By 1993, MJ’s brand of dance music was slipping out of pop culture, as grunge, alternative rock and hip-hop were ascending. The King of Pop was halfway through the Dangerous tour, playing stadiums around the world, but he was 10 years removed from Thriller and needed a pop-culture revival. He agreed to an interview with Oprah Winfrey – still one of Oprah’s highest-rated shows ever – and said yes when the NFL asked him to play the 1993 halftime show at the Rose Bowl in Pasadena, California.
He had conditions, of course. He wanted to do his newish ballad “Heal the World” for the entirety of the 12-minute performance. He wanted 3,500 “volunteer fans” to surround the stage, providing an MJ-in-concert experience rather than a bathroom break for rich, beer-drinking football fans in the stadium. And he wanted Don Mischer, the show’s producer, to sit in the production truck, directing the performance in real time, even though NBC, the Super Bowl’s new network, had its own people and didn’t appreciate the meddling.

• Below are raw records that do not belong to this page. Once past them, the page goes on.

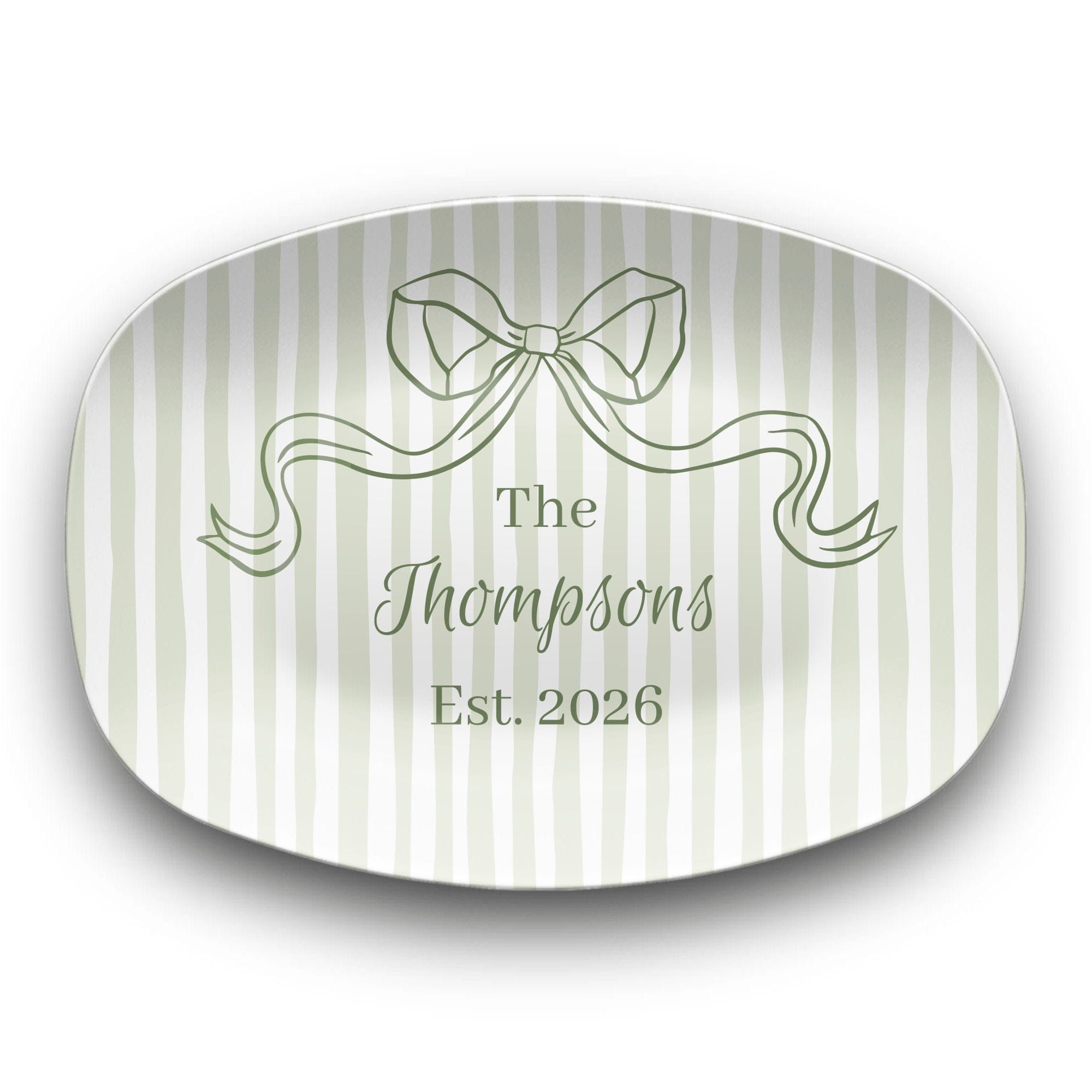 Personalized Sage Green Striped Platter by Lil Plate Shop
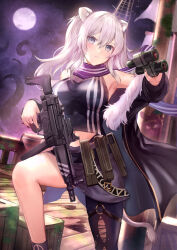 Rule 34 | 1girl, ahoge, animal ear fluff, animal ears, armpits, binoculars, black jacket, black nails, black pantyhose, black shirt, black skirt, breasts, closed mouth, commentary request, crop top, feet out of frame, foot up, full moon, fur-trimmed jacket, fur trim, grey eyes, gun, hair between eyes, hand up, highres, himonoata, holding, holding binoculars, holding gun, holding weapon, hololive, jacket, large breasts, lion ears, lion girl, long hair, looking at viewer, magazine (weapon), midriff, miniskirt, moon, nail polish, off shoulder, outdoors, pantyhose, purple scarf, scarf, shirt, shishiro botan, shishiro botan (1st costume), single leg pantyhose, skirt, sleeveless, sleeveless shirt, standing, star (sky), submachine gun, tail, torn clothes, torn pantyhose, trigger discipline, virtual youtuber, weapon, weapon request, white hair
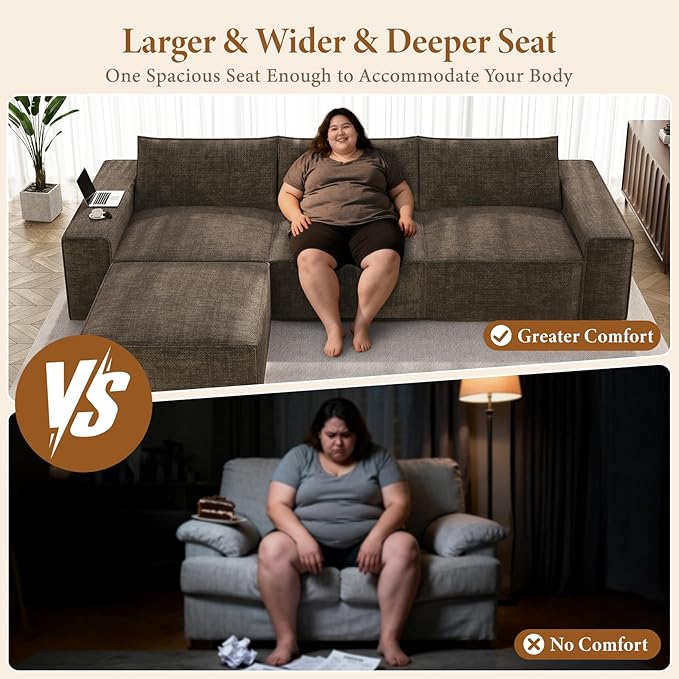 Vesgantti 114" Boneless Modular Sectional Sofa, Modern 3 Seater Couch with Ottoman & Deep Seat, Convertible Chenille L Shaped Cloud Couches for Living Room, No Assembly Required, Dark Brown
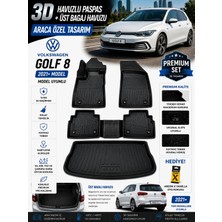 PINUKS Volkswagen Golf 8 Üst 2023 Model Uyumlu 3D Araca Özel Havuzlu Paspas+Bagaj Havuzu Birebir Uyum-Hediyeli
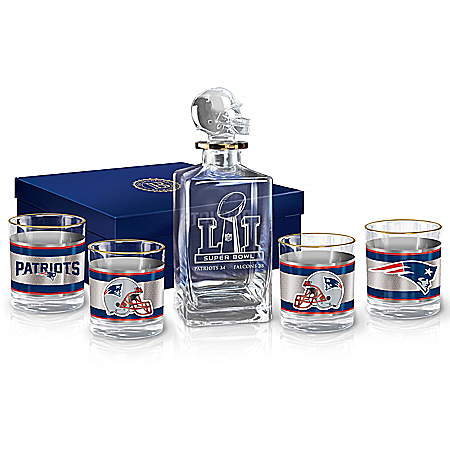 New England Patriots NFL Super Bowl LI Championship Decanter Set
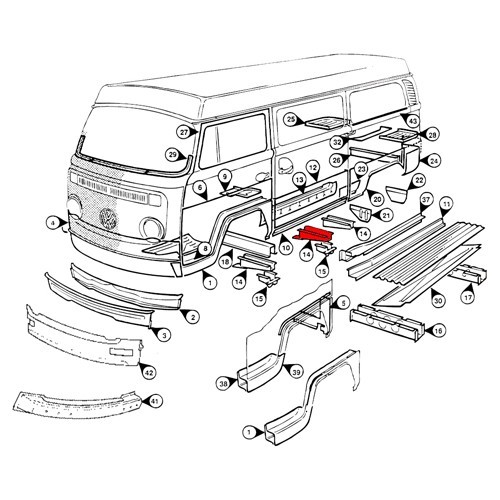 Cornière centrale gauche pour VOLKSWAGEN Combi Bay Window (1968-1979) - KT21411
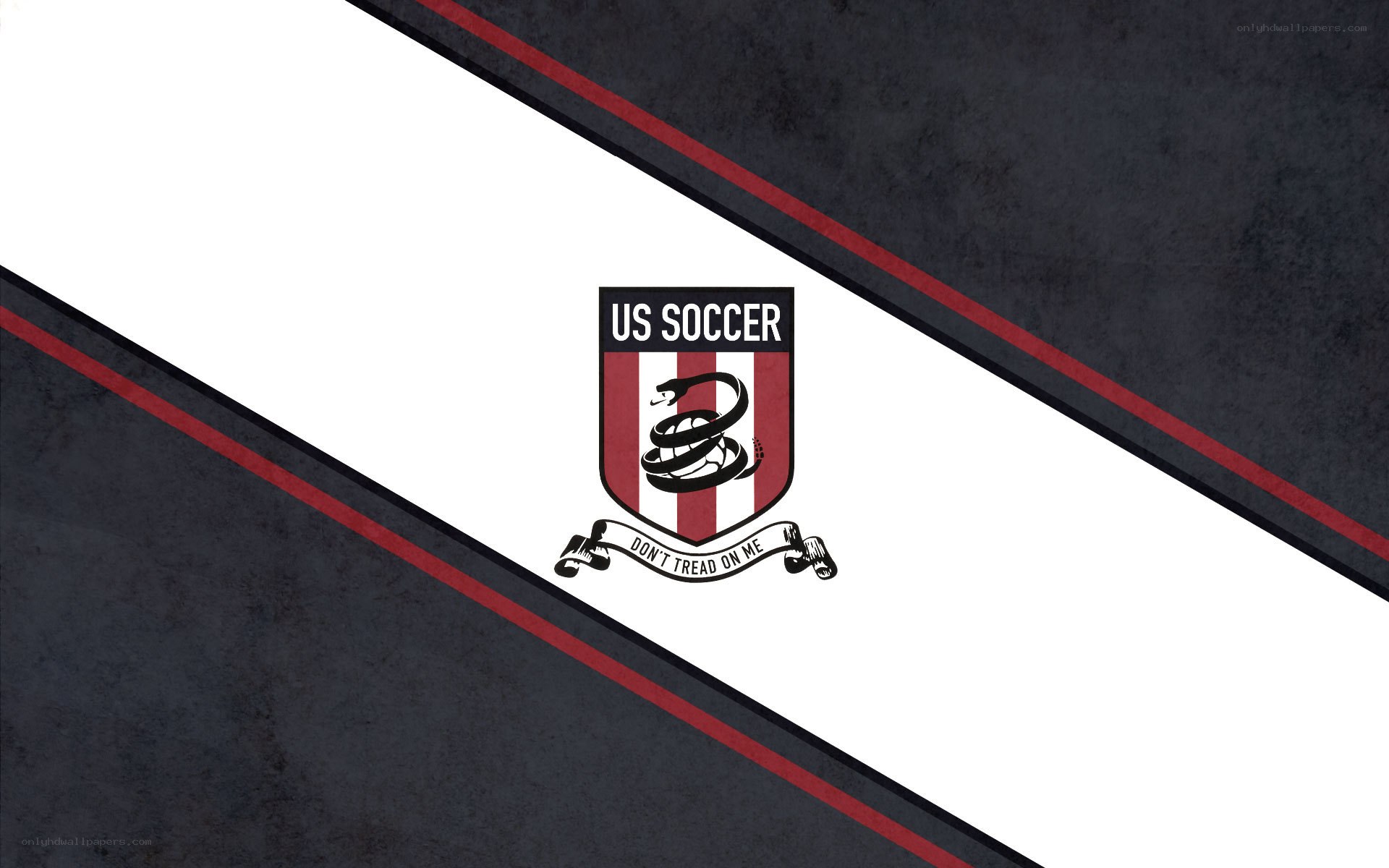 US Soccer logo on diagonal background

“Michael wasn’t too aware of the Super Bowl. He wasn’t too aware of how big this was,” recalls Arlen Kantarian, the show’s executive producer. “He just said, ‘Why don’t we call it the Thriller Bowl?'”
Jackson did not win every argument. The Super Bowl was still the Super Bowl. Producers talked him into performing a medley of his hits – “Billie Jean,” “We Are the World” and the newish “Jam” and “Black or White” – in addition to an elaborate show-closing version of “Heal the World.” But they agreed to let thousands of children file up the steps and onto the stage during the finale, and they agreed to let Mischer co-produce the halftime show in the booth along with NBC’s longtime game producer.
MJ brought his own band and dancers to perform on a set that weighed 12 tons and had to be built quickly from 26 separate pieces – without damaging the turf for the second half. Producers arranged for 275 people to do the job in less than six minutes.
A few days before the game, Jackson and crew had rehearsed in a tent outside the Rose Bowl. “We all knew, just by reading, about how Michael is a perfectionist,” Kantarian says. “But to see how he repeated the same choreography, 12, 14, 16 times, was just incredible.” Jackson’s choreographer, Vince Paterson, tried to convince him to try new moves for the show, but MJ didn’t want to complicate things. “That was one of the little points of contention between us for that project,” Paterson recalls. “I kept saying, ‘But Michael, we’ve already done this,’ and he kept saying, ‘But everybody will love it!'”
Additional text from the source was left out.